US: Velodyne LiDAR, the world’s largest producer of LiDAR has filed patent infringement complaints against Suteng (Robosense) and Hesai for stealing its IP. According to complaint filed to the United States District Court for the Northern District of California on Tuesday, the company said that these two Chinese companies have threatened Velodyne and its business by copying its flagship LiDAR configuration that allow vehicles to see their surroundings by bouncing lasers off objects.
Velodyne has pointed out the similarities between its product structures and data capture technologies and those marketed by Robosense and Hesai. The complaints are identical.
In its complaints, Velodyne said both Robosense and Hesai have been selling products that infringe on multiple aspects of US Patent No. 7,969,558 (High Definition LiDAR System), which was awarded to Velodyne’s founder David Hall in 2011.
On information and belief, Robosense copied Velodyne’s products, including the VLP-16, and actively promotes the sale, use, and importation of its infringing rotating 3-D LiDAR devices in marketing materials, technical specifications, data sheets, web pages on its website, press releases, and user manuals, as well as at trade shows and through its sales and distribution channels that encourage infringing offers to sell, sales, and/or importation of the Accused Products.
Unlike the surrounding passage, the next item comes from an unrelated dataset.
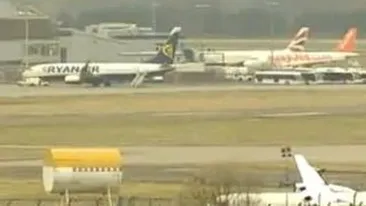 Eurptia unui vulcan din Islanda a determinat inchiderea spatiului aerian din Marea Britanie si Danemarca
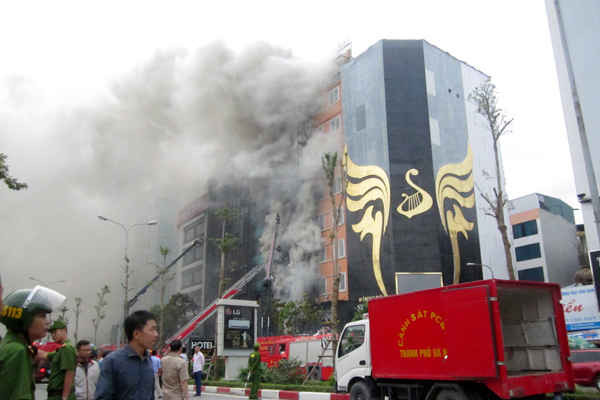 Hà Nội: Cháy dữ dội trên phố Trần Thái Tông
These actions collectively demonstrate that Robosense has had the specific intent to induce, or was willfully blind to inducing, infringement of the 558 patent.
Velodyne has asked the court to stop both Hesai and Robosense from selling the alleged copied products, which include all the major LiDAR products listed on the Chinese companies’ sites. Hesai didn’t respond to multiple calls and messages requesting comment.
In a statement to Quartz, Robosense said Velodyne is only targeting a few items sold in the US. The lawsuit won’t affect the company’s sales plan globally. “Suteng will persist with researching and developing core technology,” said the statement.
WeRide, a Guangzhou-based self-driving company which also has a Silicon Valley office, has been using both Velodyne and Hesai’s lidar, said it’s refraining from commenting on the complaints, but said its road tests aren’t affected.